Top of INPUT MATERIAL

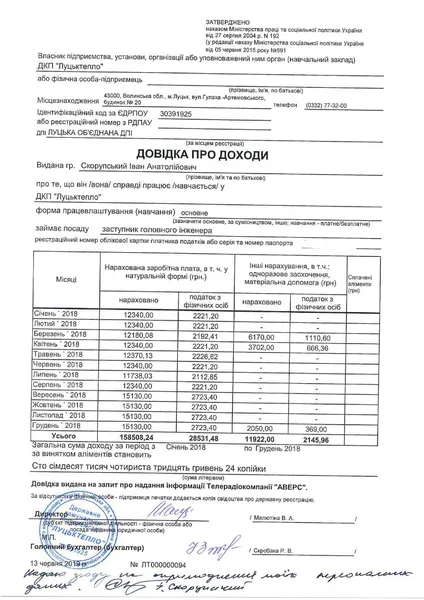 Зарплати «Луцьктепла»: відомо, хто і скільки заробляє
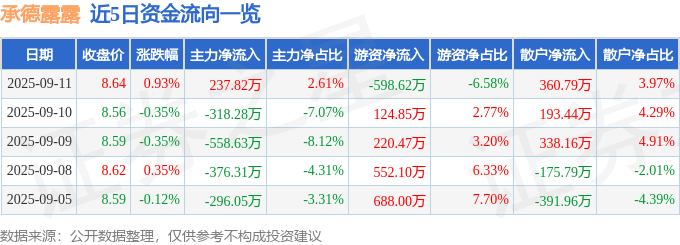 股票行情快报：承德露露（000848）9月11日主力资金净买入237.82万元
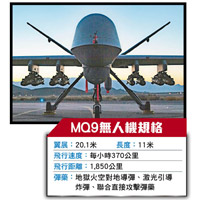 MQ9無人機規格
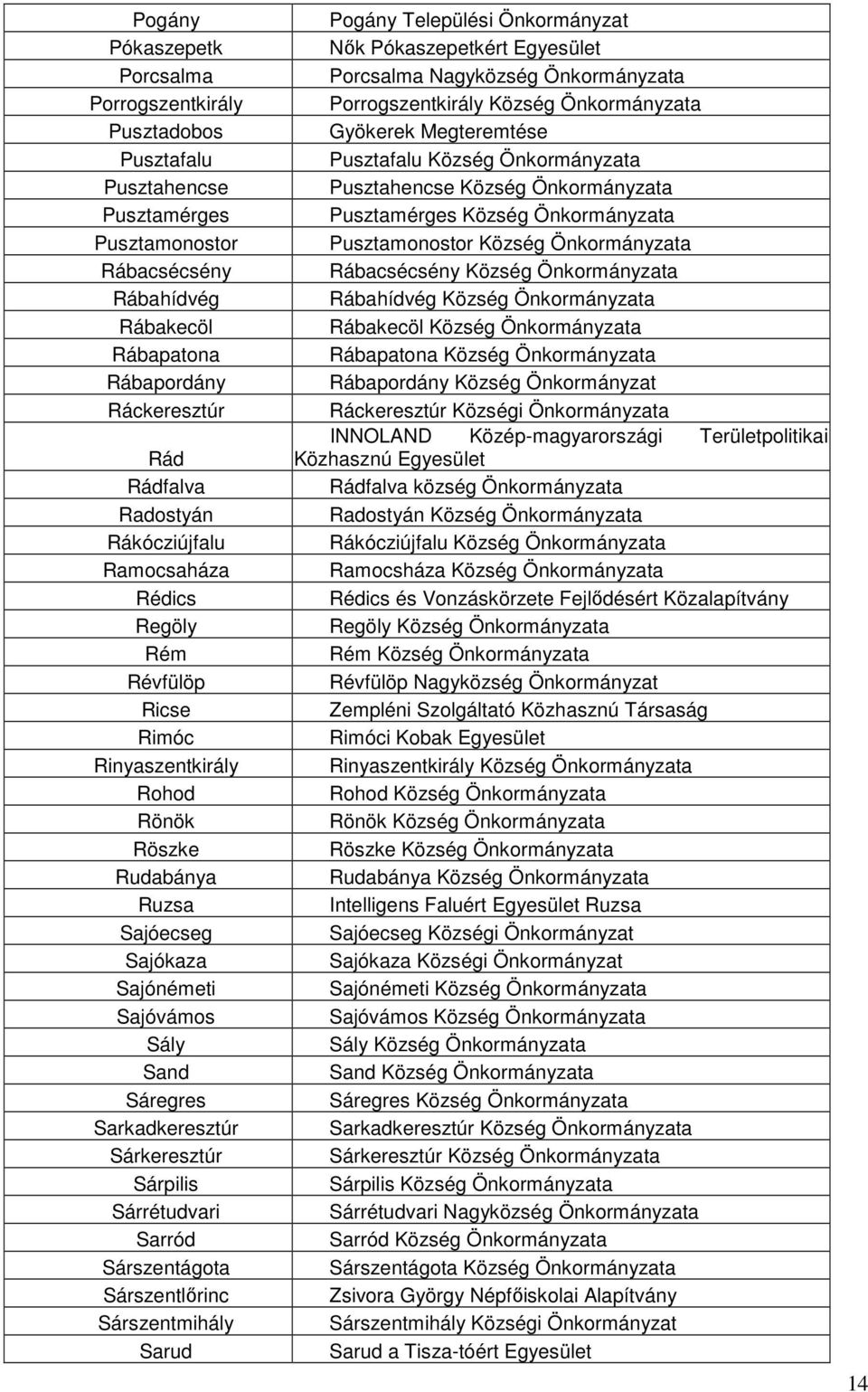 Sarkadkeresztúr Sárkeresztúr Sárpilis Sárrétudvari Sarród Sárszentágota Sárszentlırinc Sárszentmihály Sarud Pogány Települési Önkormányzat Nık Pókaszepetkért Egyesület Porcsalma Nagyközség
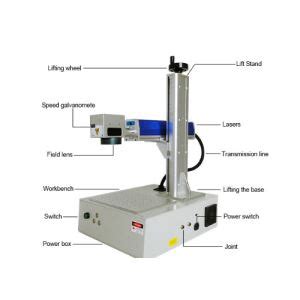 China Desktop Metal Laser Engraving Machine Manufacturers and Suppliers - Buy Cheap Price ...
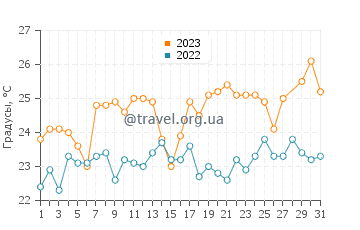 Температура воды в Серекунде в марте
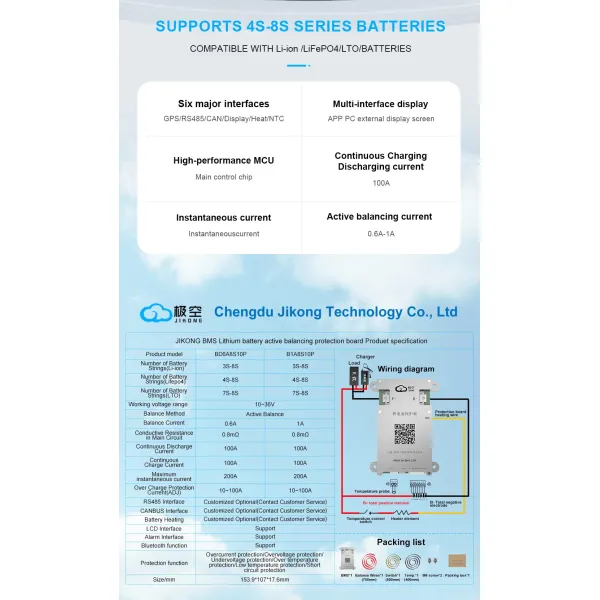 Smart Active Balancer BMS 8s LiFePO4 / Li-ion/ Lto Battery Equalization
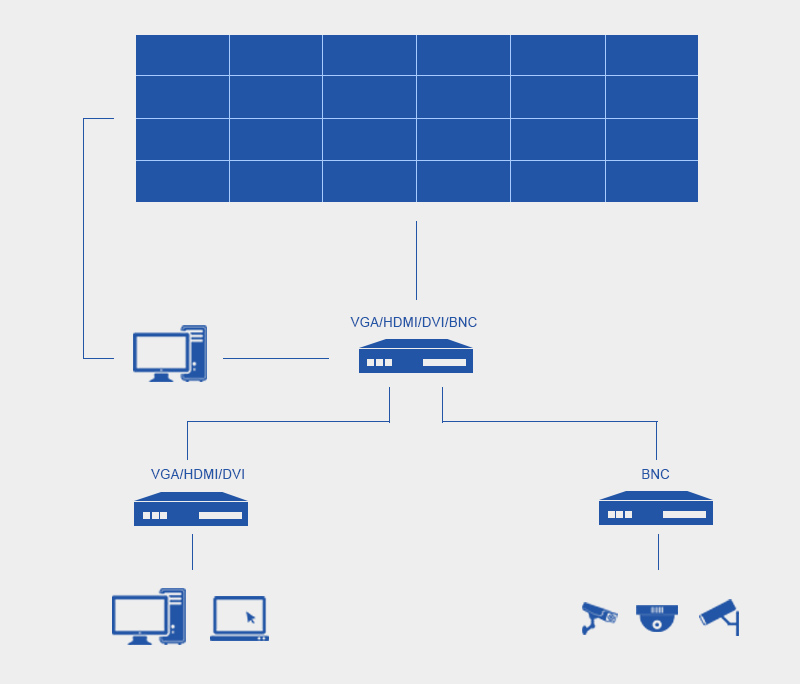 digital signage video walls in kenya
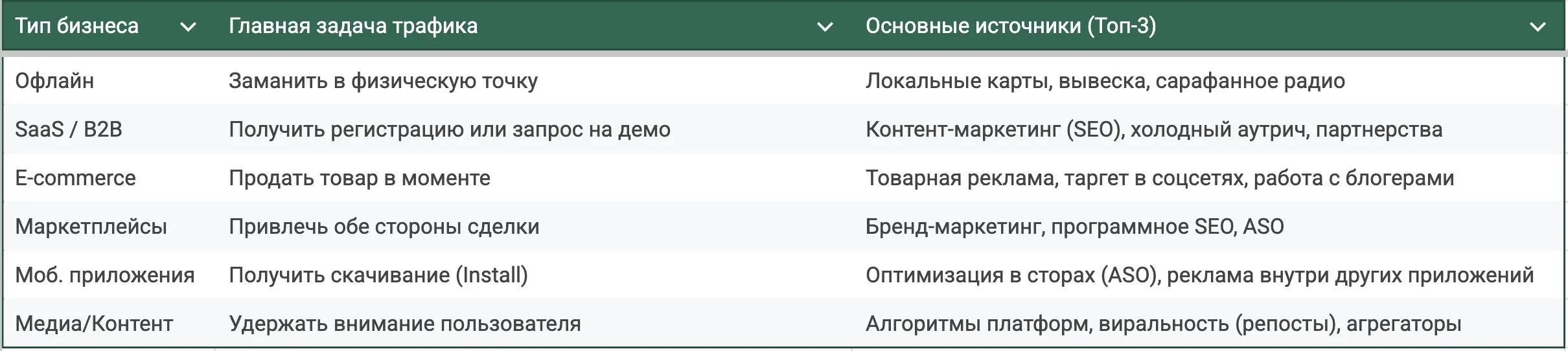 У всех разные бизнес-модели и типы трафика, но при этом стратегия с профит-стреппингом (клиентские базы топов за %) работает в каждом. | Сетка — социальная сеть от hh.ru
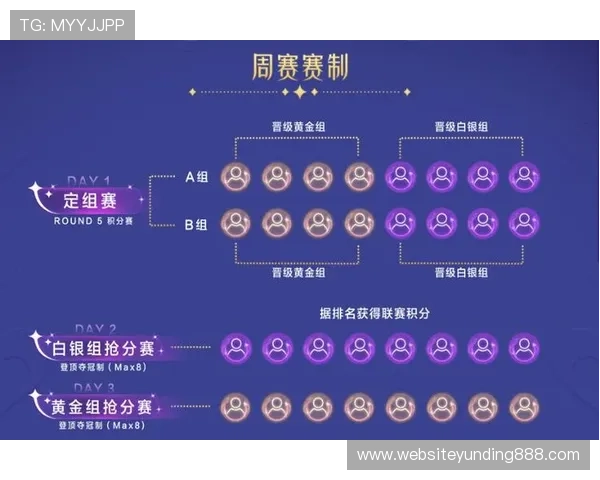 云顶投票官网入口热门活动推荐，参与更多丰富多彩的云顶投票活动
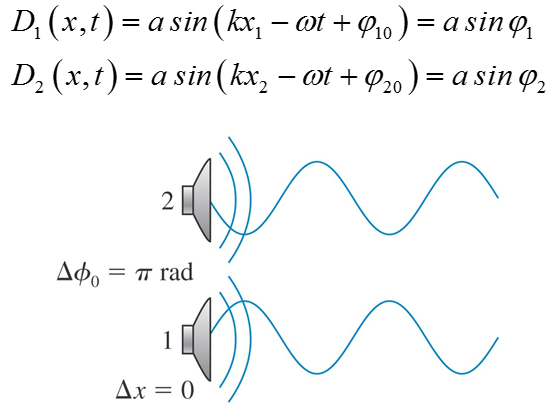 Phase difference Phase difference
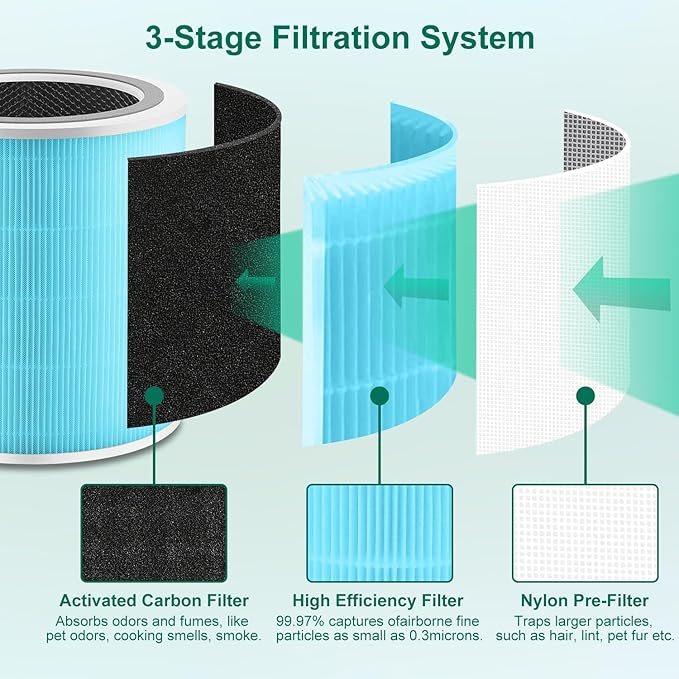 Core 400S Replacement Filter Compatible with LEVOIT Core 400S, 3-in-1 Filter, Activated Carbon Filtration, Compared to Part# Core 400S-RF Blue (2Pack)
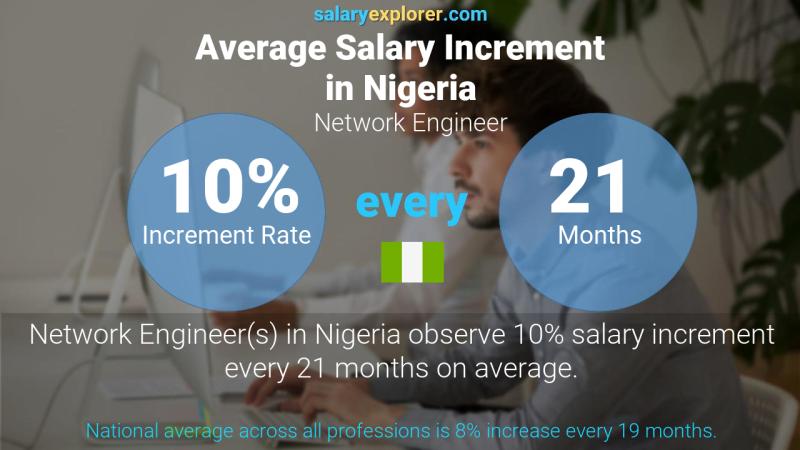 Annual Salary Increment Rate Nigeria Network Engineer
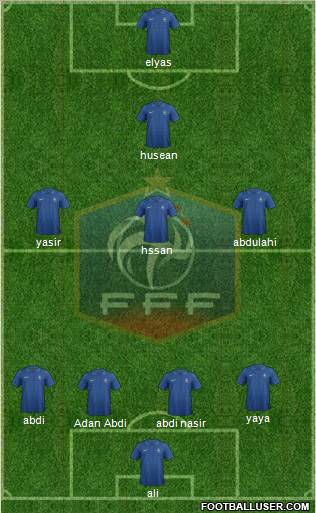 France Formation 2013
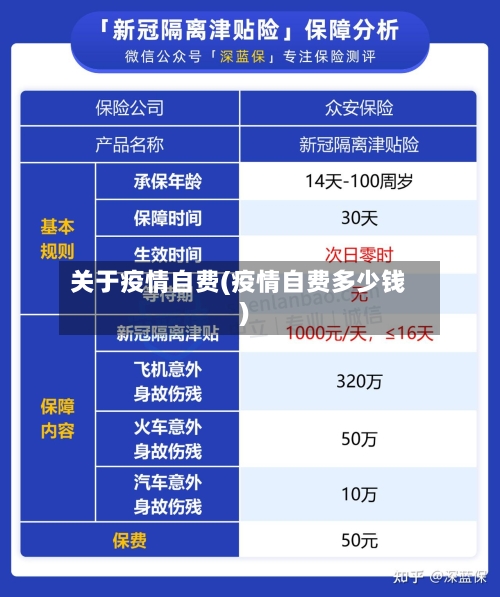 关于疫情自费(疫情自费多少钱)-第2张图片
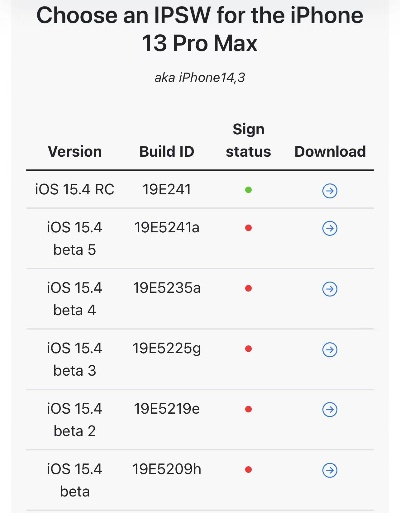 苹果14e304版本和追信魔盒官方下载,安全性策略解析|Deluxe_v9.973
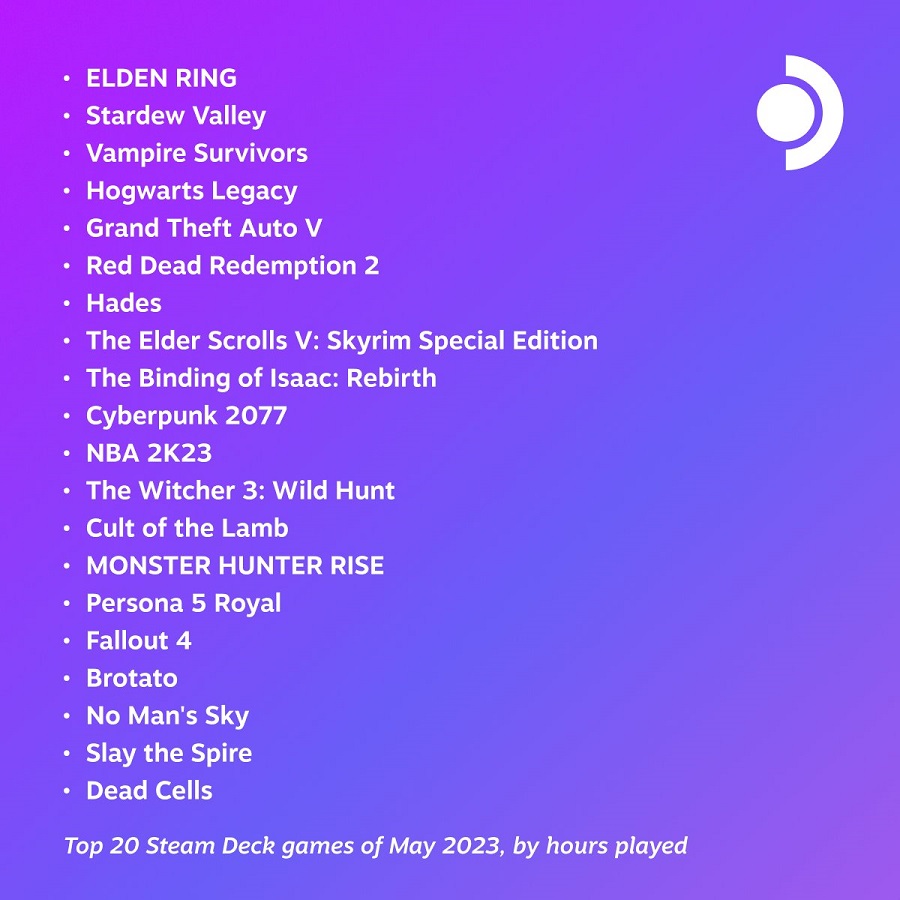 Elden Ring, Stardew Valley and Vampire Survivors are the most played games of May on Steam Deck-2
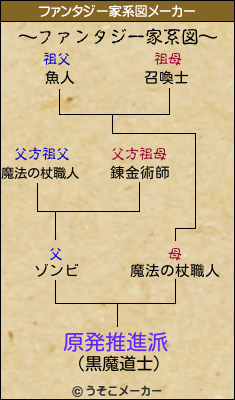 原発推進派のファンタジー家系図メーカー結果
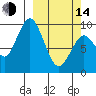 Andreon Bay tide chart for Tuesday, March 14, 2023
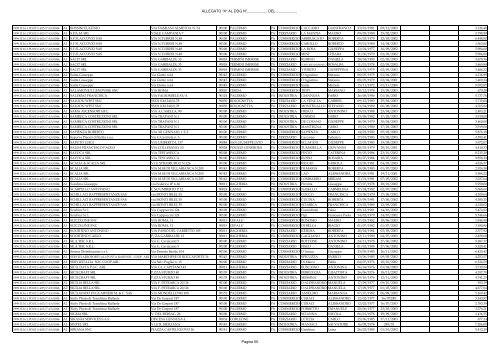 allegato al DDG 923(1) - Regione Siciliana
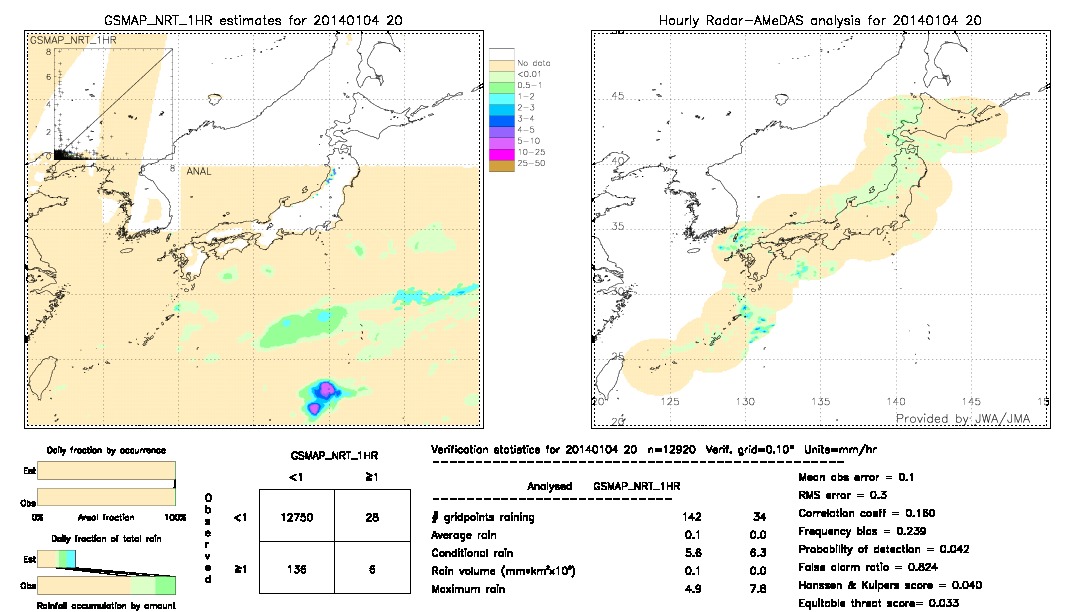 GSMaP NRT validation image.  2014/01/04 20 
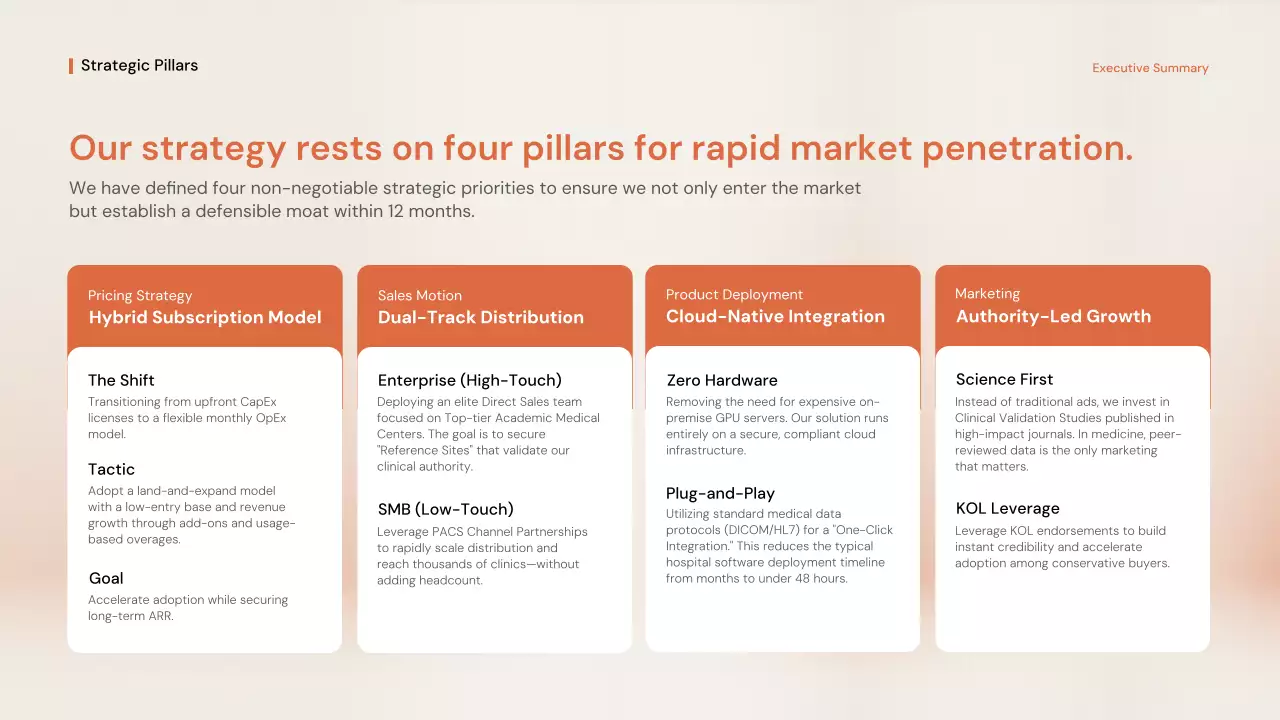 오렌지 프로페셔널 GTM 전략 프레젠테이션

Bottom of INPUT MATERIAL

* THE TASK
From the line with "allegato al DDG 923(1) - Regione Siciliana" through the final line of the records above, return each line exactly and nothing else. Pictures are to be skipped.

* OUTPUT OF THE EXERCISE
 allegato al DDG 923(1) - Regione Siciliana
 GSMaP NRT validation image.  2014/01/04 20 
 오렌지 프로페셔널 GTM 전략 프레젠테이션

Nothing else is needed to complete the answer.